TASK DIRECTIONS.
Each line of the data below between the one containing "jolteon | WE" and the one containing "Kriaa Kundan Stone", both included, is to be repeated exactly. Please omit pictures.

EXTRACTED RECORDS.
==*==
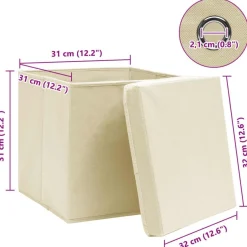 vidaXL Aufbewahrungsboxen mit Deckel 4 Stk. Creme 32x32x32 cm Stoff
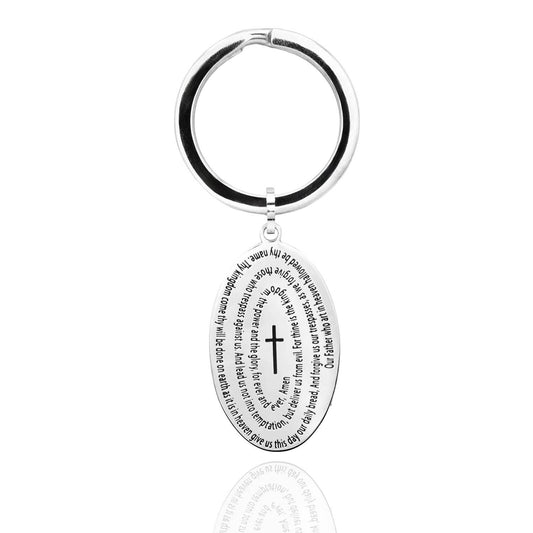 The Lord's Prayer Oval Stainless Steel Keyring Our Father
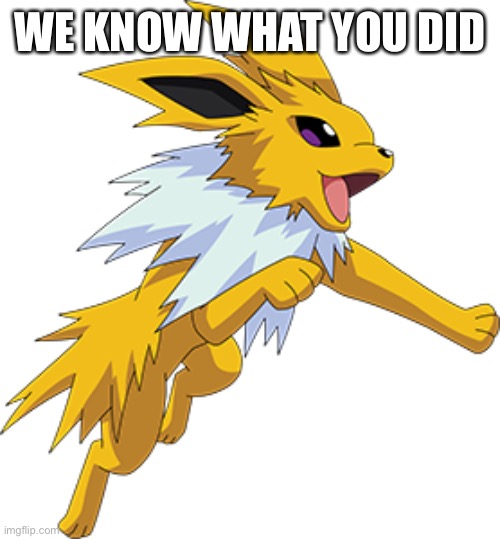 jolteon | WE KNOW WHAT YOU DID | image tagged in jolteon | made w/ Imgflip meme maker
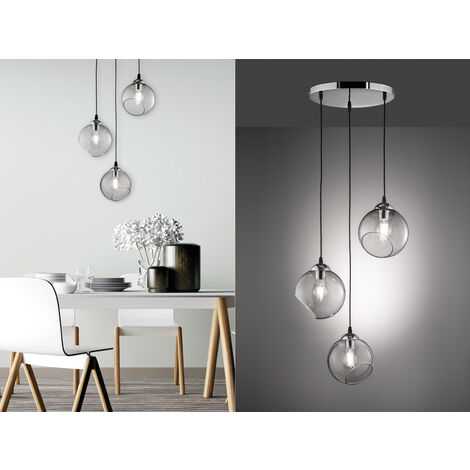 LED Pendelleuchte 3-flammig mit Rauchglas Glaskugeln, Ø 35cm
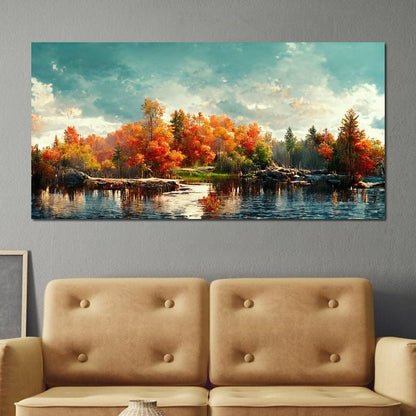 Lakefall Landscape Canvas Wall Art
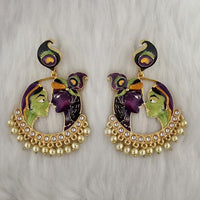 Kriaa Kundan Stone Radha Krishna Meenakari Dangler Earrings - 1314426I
==*==
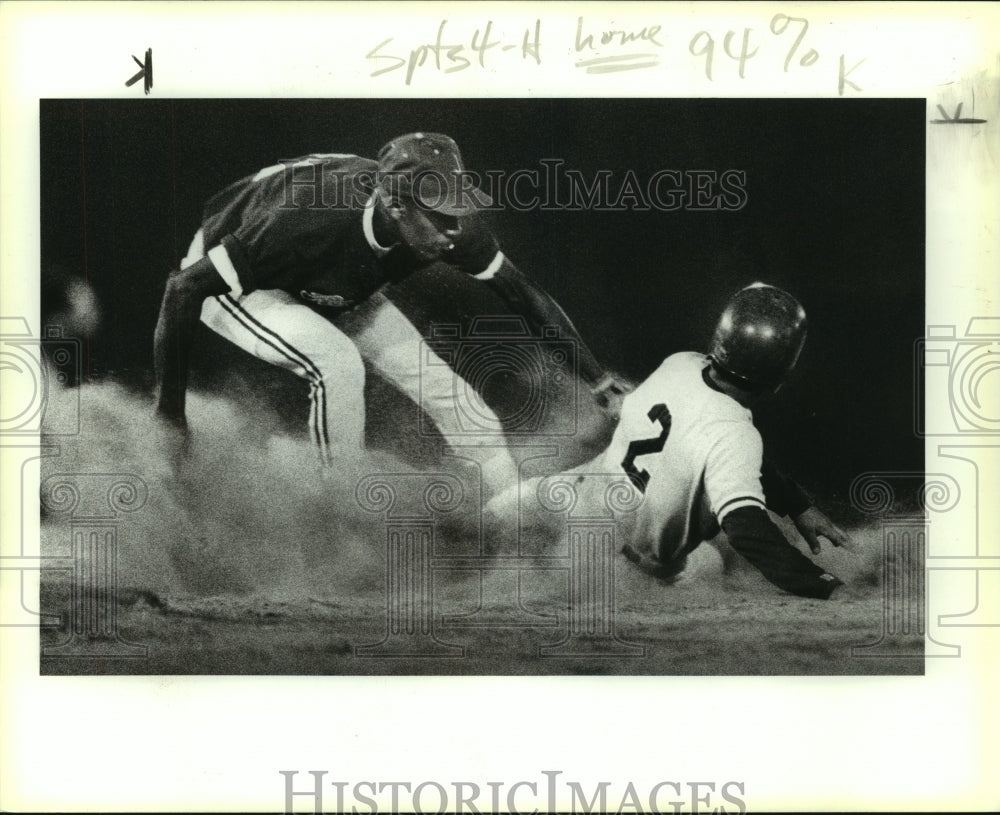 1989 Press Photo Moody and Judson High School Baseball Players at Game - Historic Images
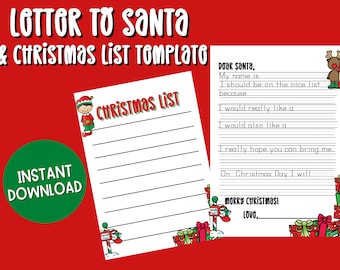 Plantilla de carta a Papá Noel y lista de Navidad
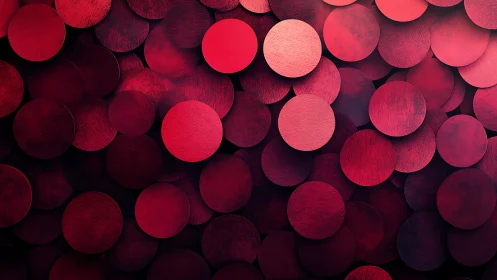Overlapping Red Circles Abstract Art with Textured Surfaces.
==*==
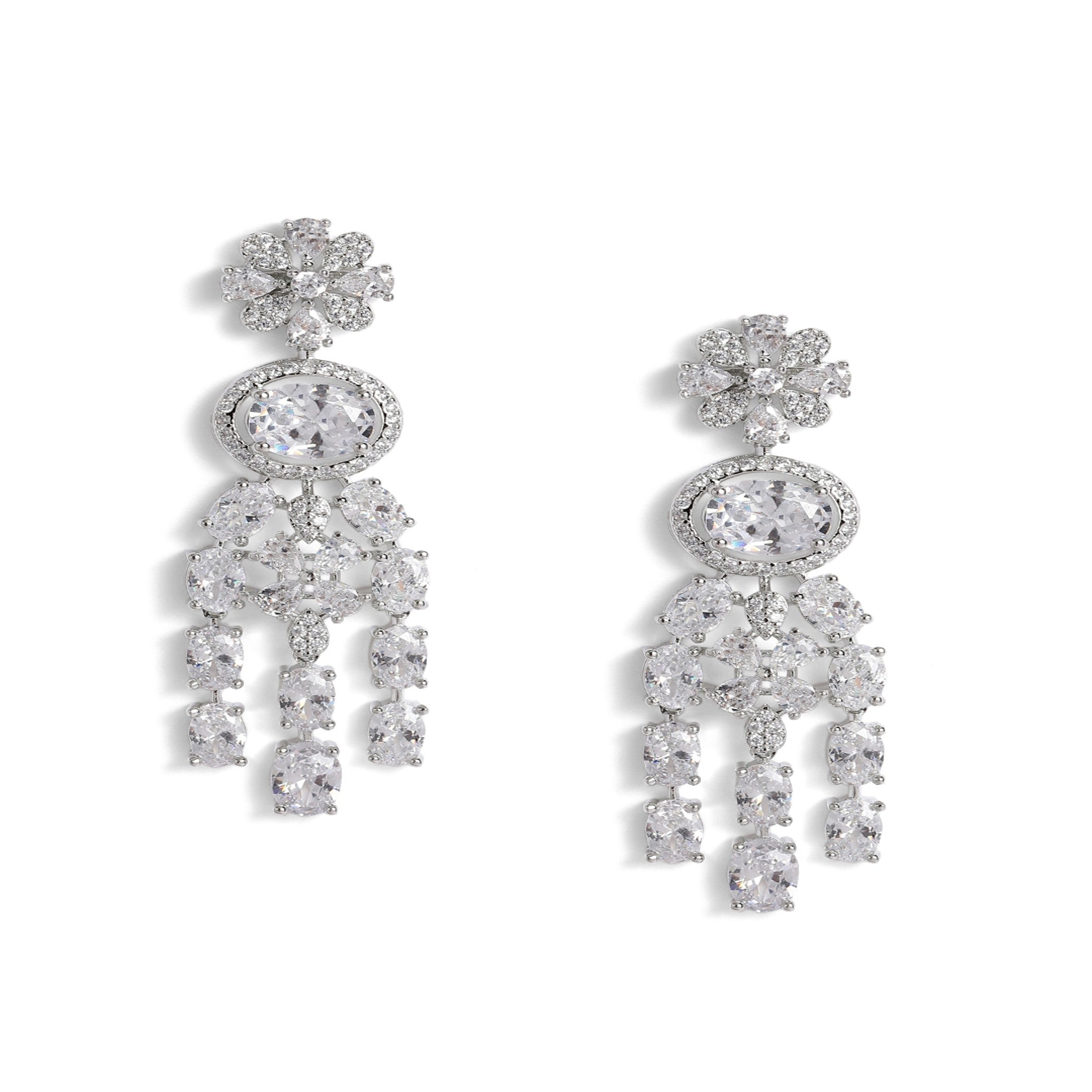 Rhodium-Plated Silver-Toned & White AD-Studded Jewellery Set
==*==
SOLVED EXERCISE.
 jolteon | WE KNOW WHAT YOU DID | image tagged in jolteon | made w/ Imgflip meme maker
 LED Pendelleuchte 3-flammig mit Rauchglas Glaskugeln, Ø 35cm
 Lakefall Landscape Canvas Wall Art
 Kriaa Kundan Stone Radha Krishna Meenakari Dangler Earrings - 1314426I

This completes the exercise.